This photograph enchants me, and I know practically nothing about it. To begin with, who is the young lady? Back in the mid-1970’s, a friend gave me the picture because her mother was about to throw it out. At first it was the Art Deco frame that drew me. My friend told me that her mother “hated” the frame, and that the woman in the picture was her (the mother’s) great-aunt, and that she was a professional “acrobatic dancer.” That was it, that’s all my friend got from her mother. Now I was really hooked. The fact that there was a mystery attached to such a beautiful frame and such an interesting-looking—lovely-in-her-own-way—costumed woman, only made the package that much more intriguing.

 So I did a bit of research. I checked out Google Images under “acrobatic dancer” for the 1920’s and 30’s, and came up with some notes that I may develop later for an essay.
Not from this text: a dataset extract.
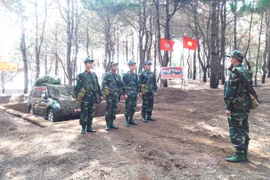 Tháng ba trên thao trường huấn luyện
For instance, the images I found ranged from vaudeville and circus acts to strippers to deformed people who toured theatrically at the time and were exploited as “freaks.”  Show biz people of every stripe, in other words, many of whom were social outcasts then. Which of course could also explain my friend’s mothers’ dismissive attitude.

 But I don’t care. I think this athletic-appearing young lady’s story deserves more development. If you have clues to her identity, her career, or just helpful research ideas, please get in touch . . .

Copyright © 2014, Jim Sizemore.

			

Today’s Gag

October 3, 2013
1309-Emmy-BlogCopyright © 2013 Jim Sizemore.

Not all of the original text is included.